(Work task): Transcribe exactly the lines from the one containing "Modern & Cozy" through the end of the data, both included. Leave out pictures.

[Excerpts from a dataset]
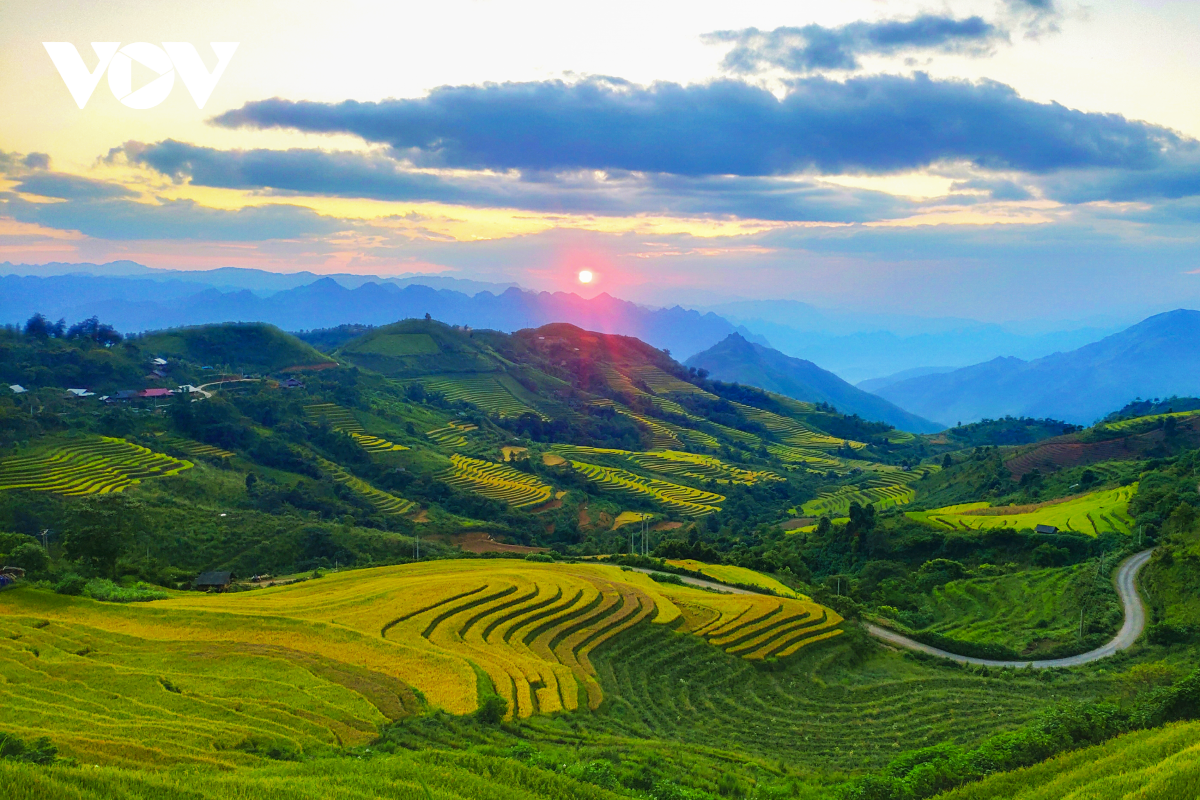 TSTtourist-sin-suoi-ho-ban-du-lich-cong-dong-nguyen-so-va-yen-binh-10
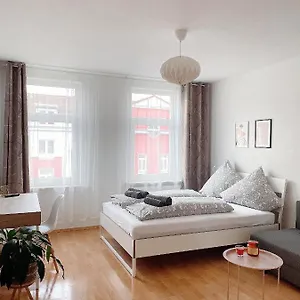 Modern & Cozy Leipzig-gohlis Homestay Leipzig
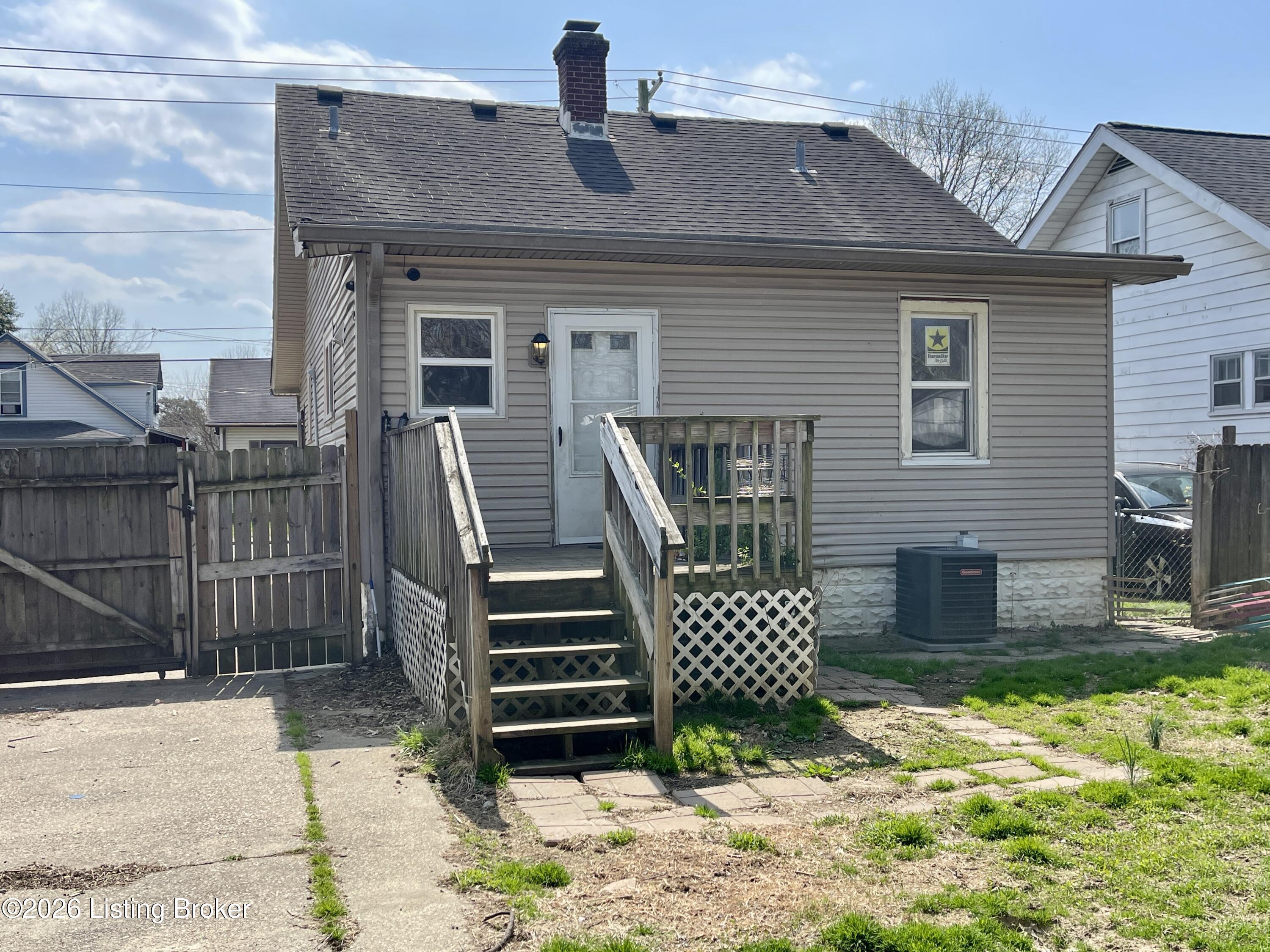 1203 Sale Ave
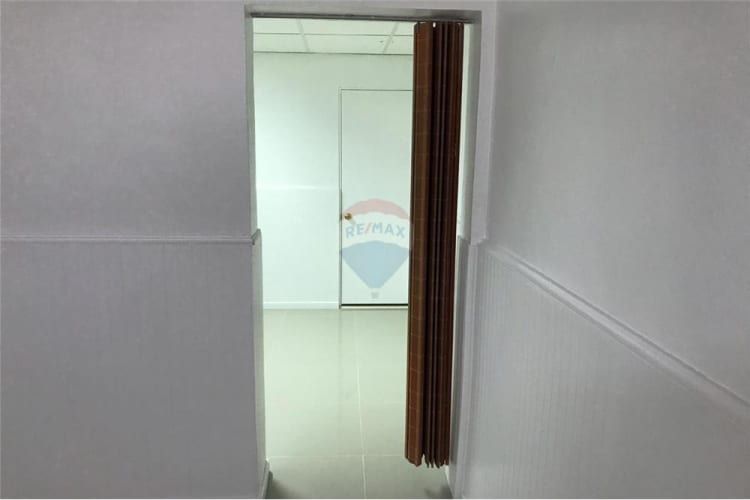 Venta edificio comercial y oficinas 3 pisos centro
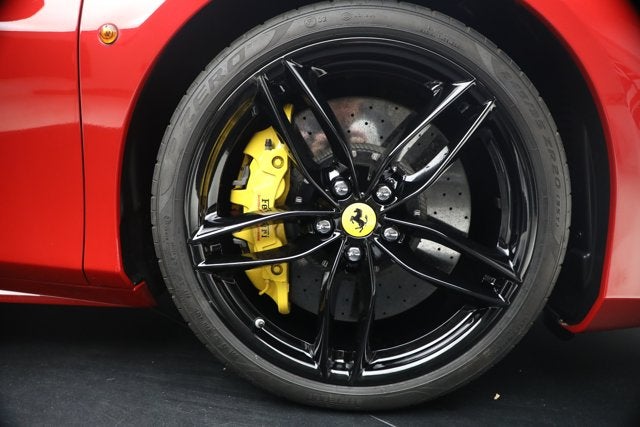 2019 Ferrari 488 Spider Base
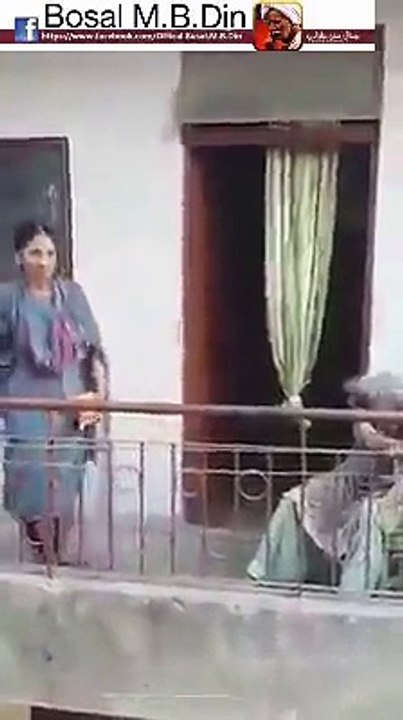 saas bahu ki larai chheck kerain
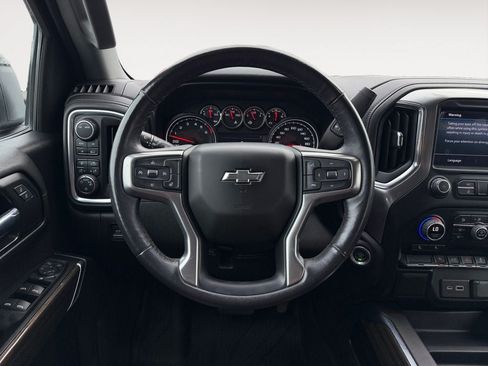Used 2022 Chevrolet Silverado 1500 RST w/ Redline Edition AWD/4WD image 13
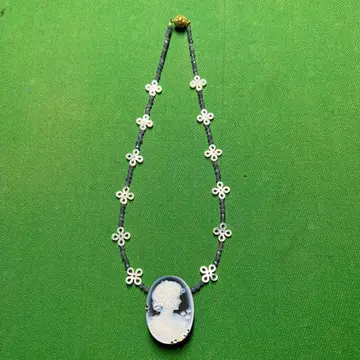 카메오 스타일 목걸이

(Answer space):
 Modern & Cozy Leipzig-gohlis Homestay Leipzig
 1203 Sale Ave
 Venta edificio comercial y oficinas 3 pisos centro
 2019 Ferrari 488 Spider Base
 saas bahu ki larai chheck kerain
Used 2022 Chevrolet Silverado 1500 RST w/ Redline Edition AWD/4WD image 13
 카메오 스타일 목걸이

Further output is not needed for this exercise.